Oggi Haftar, secondo i media, sta per attaccare Tripoli,
nel paese c'è una guerra civile oggi dichiarata
e in Italia c'è un " silenzio assordante" sulla guerra civile libica.
Perché invece dovremmo occuparci in Italia del conflitto armato tra Haftar e Serraj?
1) Perché lo finanziamo DIRETTAMENTE , insieme ai paesi NATO e alla Russia, con le imprese petrolifere che continuano ad operare. Oggi la Libia produce 1,2 mb/g di greggio, prima della guerra produceva tra 1.5 mb/g, 1,8 mb/g. Oltre al petrolio, che fa più notizia, c'è anche la produzione di gas, e qui l' ENI ha un ruolo da protagonista assoluto.
I proventi vanno a Serraj, per le zone controllate dal suo governo, ed a Haftar per i giacimenti sotto il governo di Tobruk. Cioè vanno a finanziare entrambi gli eserciti in guerra, eserciti non regolari, ma considerati tali dai principali paesi.
2) Perché tutta la vicenda migranti, al centro del dibattito politico italiano, è basata sulla premessa, di Pd e Lega, della "Libia paese sicuro".

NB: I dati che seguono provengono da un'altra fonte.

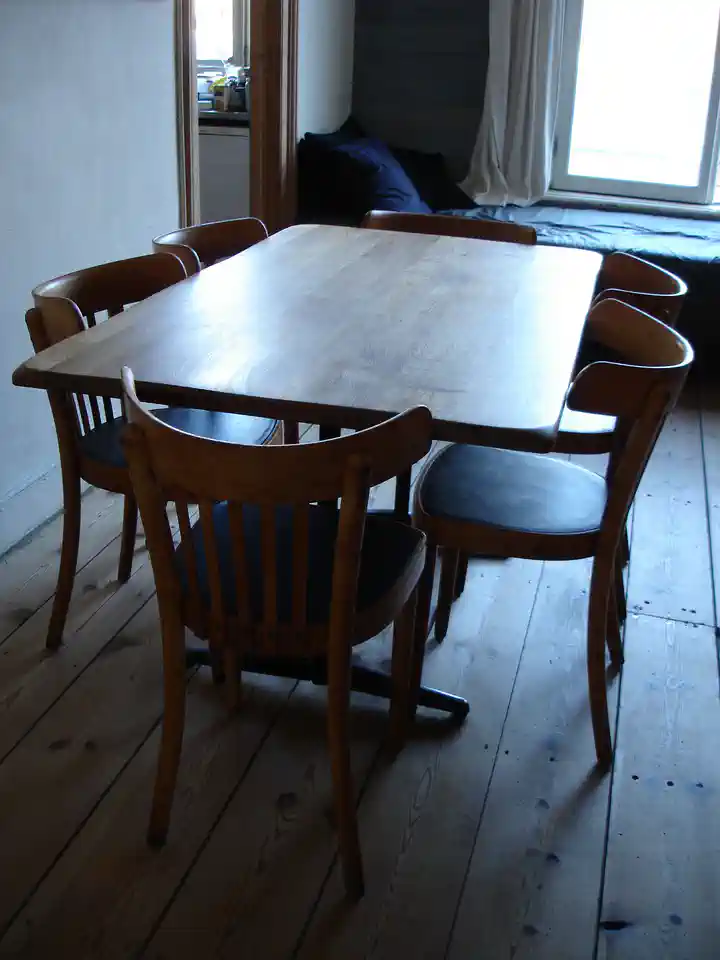 2015-07-22-04_Huis-Inrichting-01_Stoelen-DSC03512 (© Marens van Leunen)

Inoltre tutto questo avviene oggi, 70 anniversario della nascita della NATO, l'alleanza militare che ha causato questo enorme problema, per i libici ma anche per l' Europa tutta.
In questi ultimi mesi i post su temi del genere passano completamente inosservati e senza reazioni. Marinella Correggia è Venezuela dove sta seguendo il golpe strisciante USA-UE e non posso sperare nemmeno in una sua nuova denuncia.
Ma invio di nuovo alcune righe sulla guerra civile libica, perché " il silenzio assordante" su questo conflitto, soprattutto da parte di chi segue abitualmente le vicende internazionali, è INSENSATO, anche se probabilmente, spero di essere smentito, proseguirà.
Ma basterebbe l'impegno di pochissime persone per riaccendere i riflettori sull'INSENSATA guerra NATO del 2011 e sul conflitto attuale.